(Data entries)
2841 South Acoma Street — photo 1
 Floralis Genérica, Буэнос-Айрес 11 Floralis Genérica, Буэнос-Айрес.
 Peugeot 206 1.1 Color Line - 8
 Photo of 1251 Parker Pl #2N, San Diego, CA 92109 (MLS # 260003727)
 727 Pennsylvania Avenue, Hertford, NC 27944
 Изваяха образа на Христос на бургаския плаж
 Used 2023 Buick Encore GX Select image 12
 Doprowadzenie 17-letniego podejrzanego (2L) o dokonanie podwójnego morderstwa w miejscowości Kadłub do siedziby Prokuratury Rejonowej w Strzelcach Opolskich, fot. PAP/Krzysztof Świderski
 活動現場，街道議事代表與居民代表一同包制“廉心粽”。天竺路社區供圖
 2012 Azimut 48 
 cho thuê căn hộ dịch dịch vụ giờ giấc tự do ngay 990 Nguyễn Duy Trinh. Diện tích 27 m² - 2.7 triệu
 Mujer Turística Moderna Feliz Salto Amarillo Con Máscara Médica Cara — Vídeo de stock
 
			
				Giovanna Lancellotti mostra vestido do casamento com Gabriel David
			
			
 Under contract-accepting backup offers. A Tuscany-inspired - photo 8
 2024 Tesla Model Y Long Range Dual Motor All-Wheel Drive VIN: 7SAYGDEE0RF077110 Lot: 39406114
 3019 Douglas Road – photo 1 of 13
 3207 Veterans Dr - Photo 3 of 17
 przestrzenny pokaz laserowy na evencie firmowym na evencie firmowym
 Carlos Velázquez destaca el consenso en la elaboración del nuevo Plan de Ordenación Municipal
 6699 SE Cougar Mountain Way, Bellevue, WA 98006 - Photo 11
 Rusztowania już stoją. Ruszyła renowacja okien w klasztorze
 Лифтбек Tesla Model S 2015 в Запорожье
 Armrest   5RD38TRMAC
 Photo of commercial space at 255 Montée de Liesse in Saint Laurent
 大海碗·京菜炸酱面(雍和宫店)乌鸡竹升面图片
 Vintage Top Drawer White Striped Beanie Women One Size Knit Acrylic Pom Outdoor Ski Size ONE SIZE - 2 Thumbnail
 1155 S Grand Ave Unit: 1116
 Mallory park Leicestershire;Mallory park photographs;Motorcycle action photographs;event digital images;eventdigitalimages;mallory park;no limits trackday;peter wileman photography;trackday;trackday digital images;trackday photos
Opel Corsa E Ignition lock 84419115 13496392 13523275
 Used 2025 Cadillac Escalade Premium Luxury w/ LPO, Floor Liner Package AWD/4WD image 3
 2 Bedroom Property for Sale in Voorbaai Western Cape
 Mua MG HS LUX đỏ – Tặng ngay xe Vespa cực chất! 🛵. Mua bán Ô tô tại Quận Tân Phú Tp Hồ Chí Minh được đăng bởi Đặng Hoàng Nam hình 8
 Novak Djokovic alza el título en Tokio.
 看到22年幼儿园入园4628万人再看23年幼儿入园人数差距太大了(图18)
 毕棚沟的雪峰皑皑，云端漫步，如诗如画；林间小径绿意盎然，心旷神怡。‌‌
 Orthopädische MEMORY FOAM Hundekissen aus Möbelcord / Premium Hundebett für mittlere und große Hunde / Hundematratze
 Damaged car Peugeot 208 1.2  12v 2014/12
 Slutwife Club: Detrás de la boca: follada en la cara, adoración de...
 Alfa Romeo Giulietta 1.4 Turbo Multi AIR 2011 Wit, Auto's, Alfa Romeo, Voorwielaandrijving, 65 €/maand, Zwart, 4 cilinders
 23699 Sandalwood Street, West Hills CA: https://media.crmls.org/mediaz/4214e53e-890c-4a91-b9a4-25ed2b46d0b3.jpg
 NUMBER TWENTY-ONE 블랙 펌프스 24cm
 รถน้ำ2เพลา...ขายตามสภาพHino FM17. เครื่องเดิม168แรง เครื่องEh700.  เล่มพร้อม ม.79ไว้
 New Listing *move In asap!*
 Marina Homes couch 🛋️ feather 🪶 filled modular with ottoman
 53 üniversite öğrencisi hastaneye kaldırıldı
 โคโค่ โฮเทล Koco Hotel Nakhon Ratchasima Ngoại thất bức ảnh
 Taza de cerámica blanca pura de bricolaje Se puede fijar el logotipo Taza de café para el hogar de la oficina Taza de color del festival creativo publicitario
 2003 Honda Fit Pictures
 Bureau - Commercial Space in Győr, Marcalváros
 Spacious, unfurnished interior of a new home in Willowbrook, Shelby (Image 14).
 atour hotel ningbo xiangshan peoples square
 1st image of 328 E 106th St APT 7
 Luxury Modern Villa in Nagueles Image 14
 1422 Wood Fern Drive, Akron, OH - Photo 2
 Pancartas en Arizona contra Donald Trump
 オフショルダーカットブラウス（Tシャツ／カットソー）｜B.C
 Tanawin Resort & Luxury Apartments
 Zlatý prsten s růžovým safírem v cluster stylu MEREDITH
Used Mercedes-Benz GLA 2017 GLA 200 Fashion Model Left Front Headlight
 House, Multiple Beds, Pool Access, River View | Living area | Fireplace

Exercise aim ▸ Take the lines from the one containing "Taza de cerámica" through the final line of the entries above, and set them down exactly, with nothing added.

Solved exercise ▸
 Taza de cerámica blanca pura de bricolaje Se puede fijar el logotipo Taza de café para el hogar de la oficina Taza de color del festival creativo publicitario
 2003 Honda Fit Pictures
 Bureau - Commercial Space in Győr, Marcalváros
 Spacious, unfurnished interior of a new home in Willowbrook, Shelby (Image 14).
 atour hotel ningbo xiangshan peoples square
 1st image of 328 E 106th St APT 7
 Luxury Modern Villa in Nagueles Image 14
 1422 Wood Fern Drive, Akron, OH - Photo 2
 Pancartas en Arizona contra Donald Trump
 オフショルダーカットブラウス（Tシャツ／カットソー）｜B.C
 Tanawin Resort & Luxury Apartments
 Zlatý prsten s růžovým safírem v cluster stylu MEREDITH
Used Mercedes-Benz GLA 2017 GLA 200 Fashion Model Left Front Headlight
 House, Multiple Beds, Pool Access, River View | Living area | Fireplace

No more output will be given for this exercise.